Ion Channel Library
Designed for discovery of new Ion Channels ligands
30 418 compounds
Ion channels are among the most important therapeutic targets in developing novel medicines, at the same time being ones of the most difficult targets in drug discovery. Ion channels are critical for cell-to-cell communication. They regulate multiple biological processes, dysfunction of which may lead to widespread diseases and pathologic conditions such as diabetes, neuropathic pain, cardiovascular diseases, cerebral and peripheral vascular disorders, asthma, neurodegenerative and other disorders.
We have carefully designed our Ion Channel Library of 30 418 diverse compounds intended to specifically target Ion Channels. All compounds are stored as dry materials and they can be acquired in diverse custom formats. Using our Libraries for hit identification you receive multiple benefits allowing you to save on time and costs in lead generation:
- Dry stock of over 2.6M compounds for hit resupply and hit expansion.
- Straightforward and low-cost synthesis of analogues through our REAL Database technology.
- Medicinal chemistry support enhanced with on-site broad ADME/T panel.
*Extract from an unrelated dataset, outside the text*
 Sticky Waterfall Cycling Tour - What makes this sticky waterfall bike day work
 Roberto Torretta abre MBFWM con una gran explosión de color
You have also an option to screen the library directly at Enamine. In this case, we will be happy to offer you discount on library cost depending on the collaboration scope.
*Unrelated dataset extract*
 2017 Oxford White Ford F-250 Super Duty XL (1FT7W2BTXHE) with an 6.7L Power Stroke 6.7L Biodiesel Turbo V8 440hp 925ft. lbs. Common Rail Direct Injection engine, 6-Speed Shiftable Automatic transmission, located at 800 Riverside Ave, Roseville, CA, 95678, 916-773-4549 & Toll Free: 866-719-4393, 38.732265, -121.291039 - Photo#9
We applied multipronged approach in rational library design to gain a qualitative set of molecules focused on ion channel targets. A major contribution was made in the lead-oriented synthesis program at Enamine focused on increasing novelty and structural diversity. The project has already yielded 30 418 lead-like compounds built on novel scaffolds featuring saturated rings that have been recognized as potential ion channel blockers. Pharmacophore ligand-based biased analysis was performed on the reference set of over 1 000 highly active ligands (≤10 nM) resulting in three main pharmacophore motifs frequently occurring in reported ligands. Optimized models were used in searching a lead-like part of Enamine Screening Collection and a lead-like part of, REAL database. One of the common features of derived pharmacophores was presence of tertiary/secondary amino group. Additional compounds were added to the library after analysis of privileged motives of known ion channel blockers and after morphing of some recently discovered ion channel and TRPV1 modulators. General Medicinal Chemistry overview finalized the library profile: favorable physicochemical parameters and solubility requirements.